══ Supplied material ══

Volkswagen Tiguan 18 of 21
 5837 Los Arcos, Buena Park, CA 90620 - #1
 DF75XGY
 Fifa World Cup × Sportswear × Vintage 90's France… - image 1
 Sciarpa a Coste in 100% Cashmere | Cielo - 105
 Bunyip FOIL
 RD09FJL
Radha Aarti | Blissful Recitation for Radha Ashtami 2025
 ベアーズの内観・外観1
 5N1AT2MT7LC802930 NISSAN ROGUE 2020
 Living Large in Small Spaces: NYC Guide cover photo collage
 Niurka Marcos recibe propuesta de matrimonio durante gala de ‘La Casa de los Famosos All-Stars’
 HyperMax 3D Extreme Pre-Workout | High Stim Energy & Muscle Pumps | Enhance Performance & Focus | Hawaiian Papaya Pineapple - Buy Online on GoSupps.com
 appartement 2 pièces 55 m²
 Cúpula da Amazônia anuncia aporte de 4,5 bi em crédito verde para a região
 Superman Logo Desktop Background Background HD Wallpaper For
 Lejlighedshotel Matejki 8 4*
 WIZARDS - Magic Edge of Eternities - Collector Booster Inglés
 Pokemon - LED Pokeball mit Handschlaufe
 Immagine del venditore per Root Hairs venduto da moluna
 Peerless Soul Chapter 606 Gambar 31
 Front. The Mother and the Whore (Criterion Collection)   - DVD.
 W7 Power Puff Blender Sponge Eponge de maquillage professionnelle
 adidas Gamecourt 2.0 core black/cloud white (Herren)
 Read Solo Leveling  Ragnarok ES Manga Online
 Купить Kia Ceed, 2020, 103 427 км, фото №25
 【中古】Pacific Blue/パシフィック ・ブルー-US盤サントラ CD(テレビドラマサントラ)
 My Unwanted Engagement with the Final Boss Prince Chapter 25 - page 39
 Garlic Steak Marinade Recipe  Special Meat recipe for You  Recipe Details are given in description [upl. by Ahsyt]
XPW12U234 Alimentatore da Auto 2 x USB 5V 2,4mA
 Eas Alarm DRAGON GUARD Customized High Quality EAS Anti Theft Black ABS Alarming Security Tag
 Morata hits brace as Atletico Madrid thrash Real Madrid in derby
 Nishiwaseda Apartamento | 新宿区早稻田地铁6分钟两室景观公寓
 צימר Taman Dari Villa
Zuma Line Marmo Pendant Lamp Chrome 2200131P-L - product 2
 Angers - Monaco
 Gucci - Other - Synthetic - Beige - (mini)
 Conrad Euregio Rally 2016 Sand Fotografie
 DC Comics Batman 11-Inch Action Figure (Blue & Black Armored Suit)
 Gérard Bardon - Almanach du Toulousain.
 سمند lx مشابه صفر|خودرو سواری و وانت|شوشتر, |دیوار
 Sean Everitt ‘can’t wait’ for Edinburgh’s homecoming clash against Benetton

═══

▶ [Required work]: Repeat the material above in full, keeping every word.

▶ [Answer to this task]:
Volkswagen Tiguan 18 of 21
 5837 Los Arcos, Buena Park, CA 90620 - #1
 DF75XGY
 Fifa World Cup × Sportswear × Vintage 90's France… - image 1
 Sciarpa a Coste in 100% Cashmere | Cielo - 105
 Bunyip FOIL
 RD09FJL
Radha Aarti | Blissful Recitation for Radha Ashtami 2025
 ベアーズの内観・外観1
 5N1AT2MT7LC802930 NISSAN ROGUE 2020
 Living Large in Small Spaces: NYC Guide cover photo collage
 Niurka Marcos recibe propuesta de matrimonio durante gala de ‘La Casa de los Famosos All-Stars’
 HyperMax 3D Extreme Pre-Workout | High Stim Energy & Muscle Pumps | Enhance Performance & Focus | Hawaiian Papaya Pineapple - Buy Online on GoSupps.com
 appartement 2 pièces 55 m²
 Cúpula da Amazônia anuncia aporte de 4,5 bi em crédito verde para a região
 Superman Logo Desktop Background Background HD Wallpaper For
 Lejlighedshotel Matejki 8 4*
 WIZARDS - Magic Edge of Eternities - Collector Booster Inglés
 Pokemon - LED Pokeball mit Handschlaufe
 Immagine del venditore per Root Hairs venduto da moluna
 Peerless Soul Chapter 606 Gambar 31
 Front. The Mother and the Whore (Criterion Collection)   - DVD.
 W7 Power Puff Blender Sponge Eponge de maquillage professionnelle
 adidas Gamecourt 2.0 core black/cloud white (Herren)
 Read Solo Leveling  Ragnarok ES Manga Online
 Купить Kia Ceed, 2020, 103 427 км, фото №25
 【中古】Pacific Blue/パシフィック ・ブルー-US盤サントラ CD(テレビドラマサントラ)
 My Unwanted Engagement with the Final Boss Prince Chapter 25 - page 39
 Garlic Steak Marinade Recipe  Special Meat recipe for You  Recipe Details are given in description [upl. by Ahsyt]
XPW12U234 Alimentatore da Auto 2 x USB 5V 2,4mA
 Eas Alarm DRAGON GUARD Customized High Quality EAS Anti Theft Black ABS Alarming Security Tag
 Morata hits brace as Atletico Madrid thrash Real Madrid in derby
 Nishiwaseda Apartamento | 新宿区早稻田地铁6分钟两室景观公寓
 צימר Taman Dari Villa
Zuma Line Marmo Pendant Lamp Chrome 2200131P-L - product 2
 Angers - Monaco
 Gucci - Other - Synthetic - Beige - (mini)
 Conrad Euregio Rally 2016 Sand Fotografie
 DC Comics Batman 11-Inch Action Figure (Blue & Black Armored Suit)
 Gérard Bardon - Almanach du Toulousain.
 سمند lx مشابه صفر|خودرو سواری و وانت|شوشتر, |دیوار
 Sean Everitt ‘can’t wait’ for Edinburgh’s homecoming clash against Benetton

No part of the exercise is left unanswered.